Reading Data

library(CopernicusDataspace)
library(dplyr)
library(jsonlite)
library(sf)
library(stars)

The Copernicus Data Space Ecosystem (CDSE) provides a wide range of data formats, each with their own quirks. Therefore, this package focuses only on wrapping the CDSE Application Programming Interface (API). Allowing to search and download the files. Because of the diversity of data and data formats, there is no consistent way of supporting this for CDSE from this package.

Instead, some frequently found formats are presented here, and a user case is demonstrated. With the purpose of making this package more applicable in practical settings.

Ground Control Points

In some cases data is stored as raster data, in the orientation in which the satellite made the observation. Such data may not have a valid Coordinate Reference System (CRS), but instead have Ground Control Points (GCP), to geo-reference the data.
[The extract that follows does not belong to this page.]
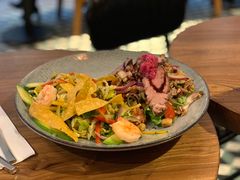 -Moka Bros 摩卡站(西单大悦城店)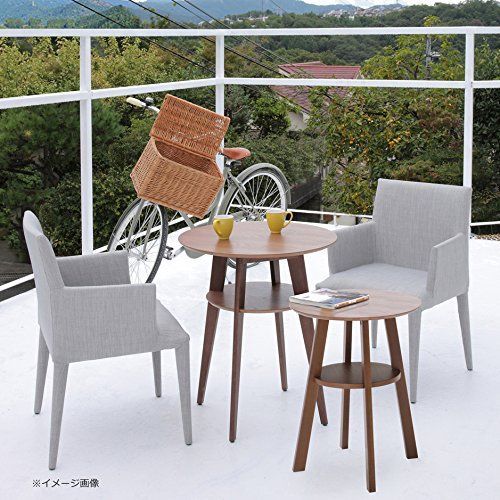 エクステンション昇降テーブル 約幅99〜92×奥行45/90×高さ31〜71cm ダークブラウン ガス圧昇降式 組立品 エクステンション昇降テーブル 約幅99～92×奥行45&frasl;90×高さ31～71cm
For any spatial analyses, you first need to warp that data to a meaningful projection. But any data masks are preferably applied to the raw data before such warps (which require interpolation).

Let’s demonstrate this step-by-step with a user-case. We have a product Id, in a specific collection, and we have a bounding box: the area of interest. We first obtain the Uniform Resource Identifier (URI) for the S3 service of this product (dse_stac_get_uri()). We then convert this URI to a Virtual System Interface (VSI) using dse_s3_uri_to_vsi(). We do this because we can directly connect with a product using the VSI in stars::read_stars(). Note that we do need to run dse_s3_set_gdal_options() first, this will make the S3 secrets available to the GDAL driver used by the stars package.

This will create a proxy raster object. Meaning that no data is transferred unless necessary. This allows us to lazily specify operations for the raster object, before it is even downloaded. All these steps are shown below.

if (dse_has_s3_secret()) {
  ## Define the area of interest:
  bbox <- st_bbox(c(xmin =  4.66,
                    ymin = 52.842,
                    xmax =  7.15,
                    ymax = 53.62), crs = 4326)
  
  ## Assume that we have already located the asset below within our
  ## area of interest:
  id <- "S1A_IW_GRDH_1SDV_20241125T055820_20241125T055845_056707_06F55C_12F9_COG"
  
  ## And it's from this collection:
  cllctn <- "sentinel-1-grd"
  
  ## Get the URI for the manifest.safe file. This is the preferred entry
  ## point into the data. It contains all bands and all meta-information
  ## (like accurate Ground Control Points):
  uri_safe <- dse_stac_get_uri(id, "safe_manifest", cllctn)
  
  ## Translate the URI into a virtual system indicator (VSI), such that
  ## the stars package can interact with it:
  vsi_safe <- dse_s3_uri_to_vsi(uri_safe)
  
  ## Set up the S3 credentials such that the stars package (and its
  ## underpinning GDAL library) will recognise them.
  dse_s3_set_gdal_options()
  
  ## Create a stars proxy object from the VSI. No data is downloaded
  ## yet. But you can set up lazy data manipulations with tidyverse.
  proxy <- read_stars(vsi_safe, proxy = TRUE)
}

As we are working with the stars package in this demonstration, we have to acknowledge that this package does not preserve the GCPs when manipulating the raster. Therefore, we explicitly read the information from the original product, such that we can later rely on it.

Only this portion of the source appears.